_Records supplied_
# # # #

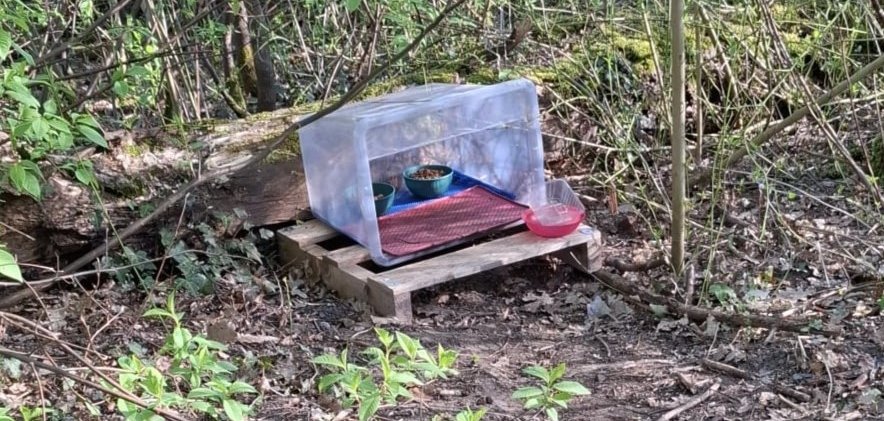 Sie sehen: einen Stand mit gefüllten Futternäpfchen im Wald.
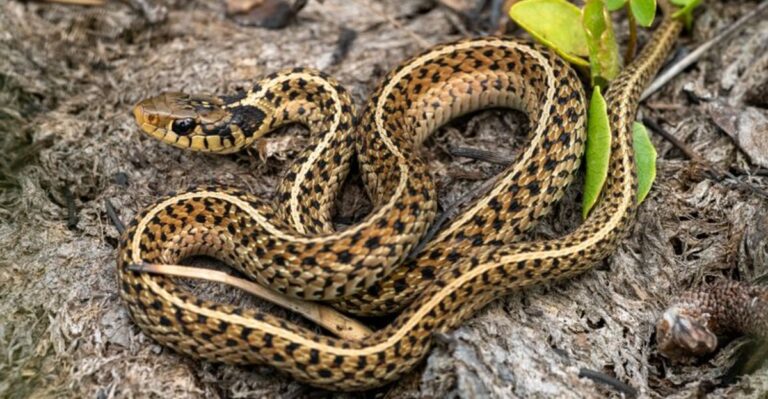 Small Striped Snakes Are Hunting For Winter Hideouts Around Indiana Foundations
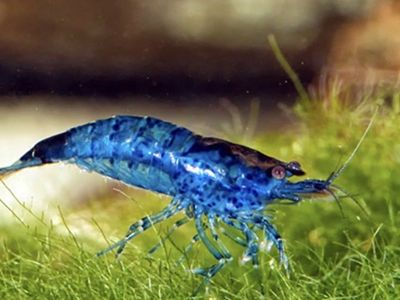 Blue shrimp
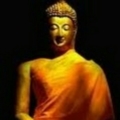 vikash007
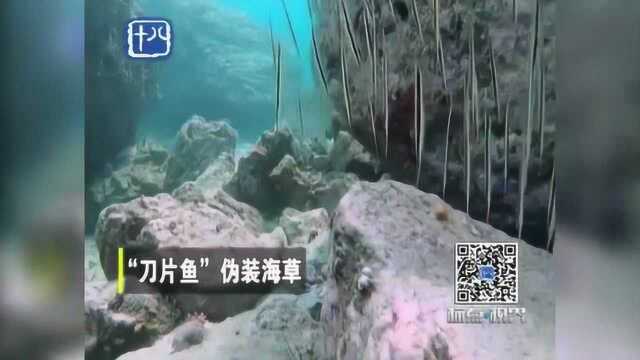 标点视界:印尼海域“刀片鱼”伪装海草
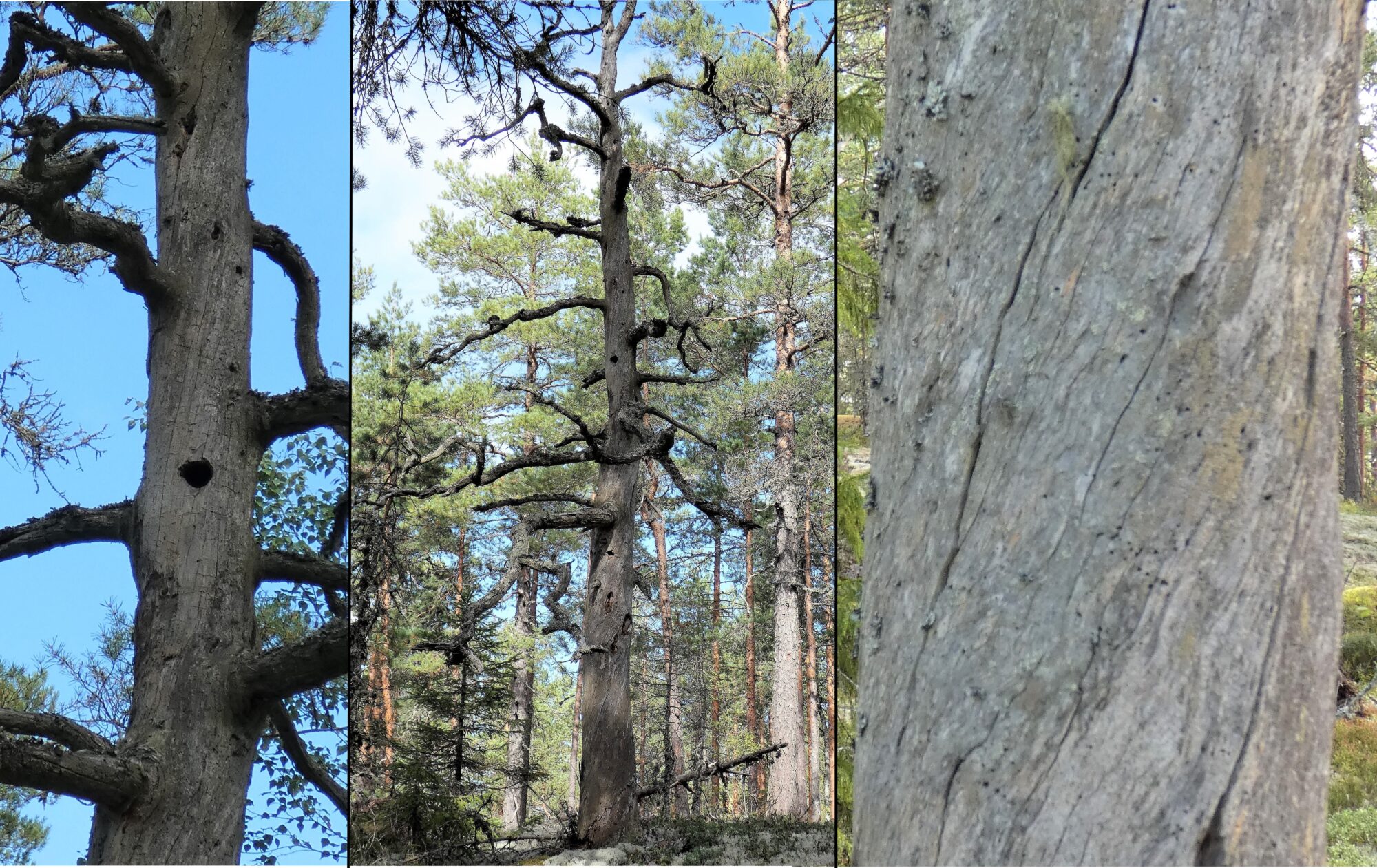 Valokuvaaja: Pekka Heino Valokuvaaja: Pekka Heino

# # # #

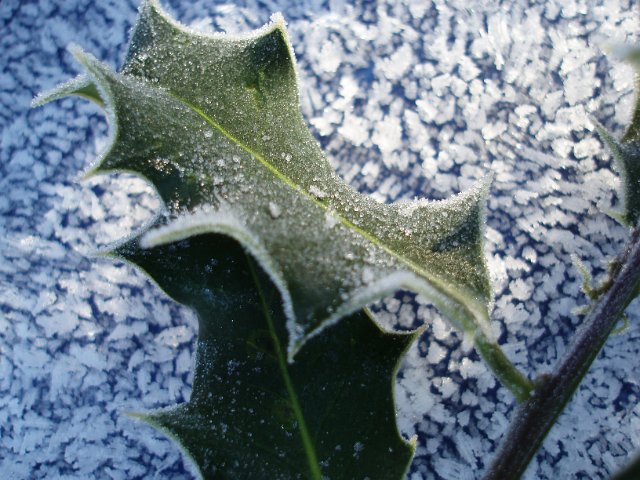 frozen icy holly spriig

# # # #

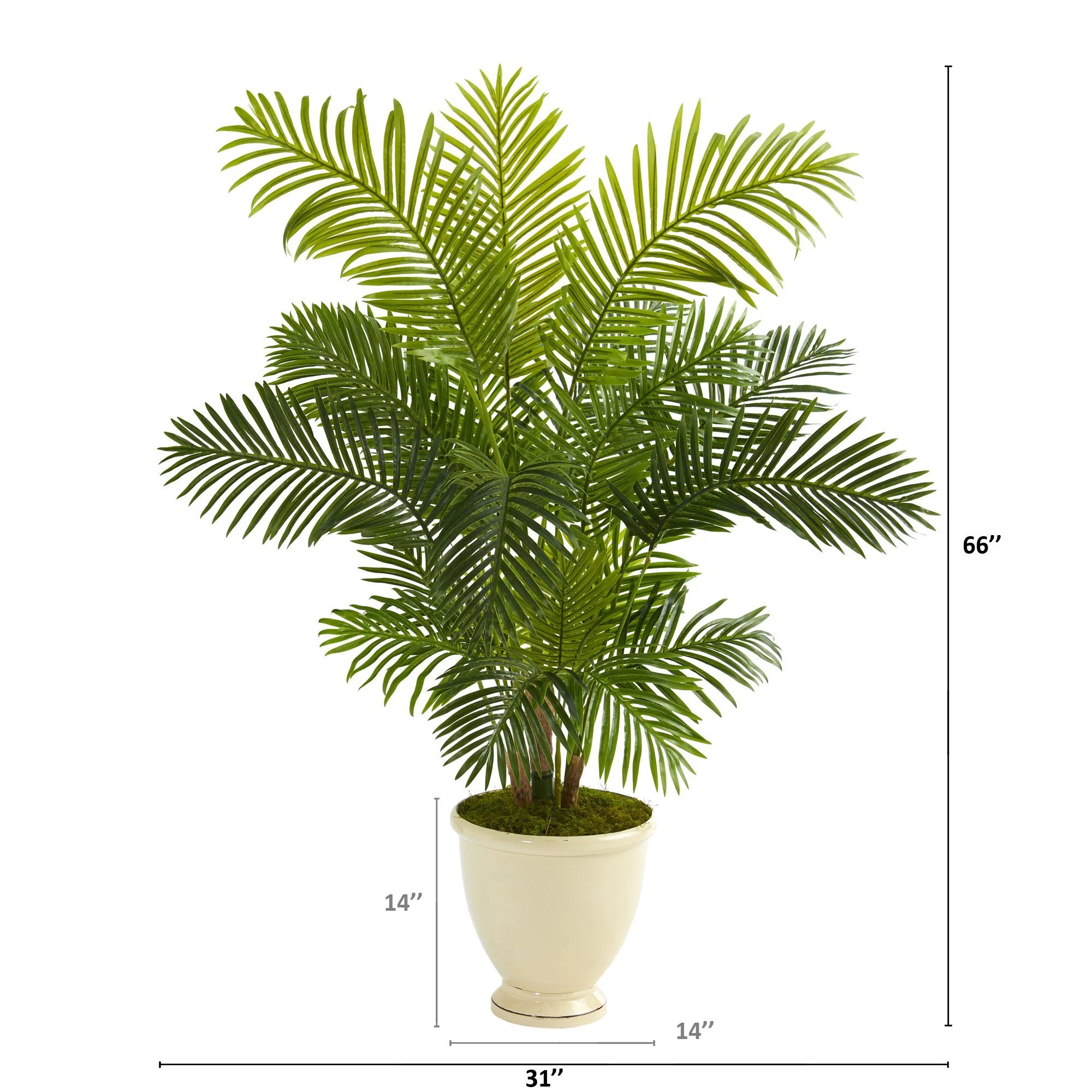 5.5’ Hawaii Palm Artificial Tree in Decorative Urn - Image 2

# # # #

_Assignment_
Look above for the line containing "Sie sehen: einen" and the line containing "Valokuvaaja: Pekka Heino Valokuvaaja: Pekka", then reproduce both and everything between them exactly, pictures omitted.

_Completed task_
 Sie sehen: einen Stand mit gefüllten Futternäpfchen im Wald.
 Small Striped Snakes Are Hunting For Winter Hideouts Around Indiana Foundations
 Blue shrimp
 vikash007
 标点视界:印尼海域“刀片鱼”伪装海草
 Valokuvaaja: Pekka Heino Valokuvaaja: Pekka Heino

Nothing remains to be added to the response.